■ **Task objective**
This exercise asks for every line of the material that contains the word "Black".
___
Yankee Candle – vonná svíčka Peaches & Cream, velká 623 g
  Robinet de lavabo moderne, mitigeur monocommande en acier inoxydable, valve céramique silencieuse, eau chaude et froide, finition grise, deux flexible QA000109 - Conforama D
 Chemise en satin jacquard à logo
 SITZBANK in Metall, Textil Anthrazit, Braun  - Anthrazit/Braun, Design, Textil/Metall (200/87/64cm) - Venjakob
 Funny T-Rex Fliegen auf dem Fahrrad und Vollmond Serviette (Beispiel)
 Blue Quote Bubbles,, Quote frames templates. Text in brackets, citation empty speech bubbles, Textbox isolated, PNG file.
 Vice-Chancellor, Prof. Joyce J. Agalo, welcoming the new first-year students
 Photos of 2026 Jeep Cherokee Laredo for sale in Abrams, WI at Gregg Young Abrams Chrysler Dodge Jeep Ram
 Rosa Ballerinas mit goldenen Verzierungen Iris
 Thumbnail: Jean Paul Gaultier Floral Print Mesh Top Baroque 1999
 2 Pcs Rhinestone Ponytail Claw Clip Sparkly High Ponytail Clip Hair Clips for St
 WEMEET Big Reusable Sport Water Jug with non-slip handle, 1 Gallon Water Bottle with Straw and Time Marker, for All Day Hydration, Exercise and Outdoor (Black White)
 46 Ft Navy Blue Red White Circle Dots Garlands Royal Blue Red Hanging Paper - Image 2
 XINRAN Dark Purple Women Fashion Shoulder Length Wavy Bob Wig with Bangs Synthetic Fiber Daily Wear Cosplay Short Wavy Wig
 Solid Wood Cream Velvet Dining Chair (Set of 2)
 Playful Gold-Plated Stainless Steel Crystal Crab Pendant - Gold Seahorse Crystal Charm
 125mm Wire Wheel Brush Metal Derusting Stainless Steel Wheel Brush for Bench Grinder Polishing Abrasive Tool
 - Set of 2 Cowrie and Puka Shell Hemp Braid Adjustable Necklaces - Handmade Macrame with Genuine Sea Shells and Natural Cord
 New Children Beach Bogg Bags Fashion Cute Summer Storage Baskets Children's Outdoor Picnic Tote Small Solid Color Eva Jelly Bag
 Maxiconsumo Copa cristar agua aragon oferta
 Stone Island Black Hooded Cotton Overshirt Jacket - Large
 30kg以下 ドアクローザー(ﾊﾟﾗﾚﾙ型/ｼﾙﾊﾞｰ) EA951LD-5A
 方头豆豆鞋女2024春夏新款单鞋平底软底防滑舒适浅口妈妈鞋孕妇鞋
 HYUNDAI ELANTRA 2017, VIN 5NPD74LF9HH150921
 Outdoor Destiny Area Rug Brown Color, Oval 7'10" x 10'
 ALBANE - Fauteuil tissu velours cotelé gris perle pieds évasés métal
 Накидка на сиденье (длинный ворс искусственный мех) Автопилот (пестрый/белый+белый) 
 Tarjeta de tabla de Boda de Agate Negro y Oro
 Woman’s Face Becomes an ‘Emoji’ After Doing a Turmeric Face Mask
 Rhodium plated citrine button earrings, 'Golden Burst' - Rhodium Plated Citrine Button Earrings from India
___
■ **Answer to the exercise**
 WEMEET Big Reusable Sport Water Jug with non-slip handle, 1 Gallon Water Bottle with Straw and Time Marker, for All Day Hydration, Exercise and Outdoor (Black White)
 Stone Island Black Hooded Cotton Overshirt Jacket - Large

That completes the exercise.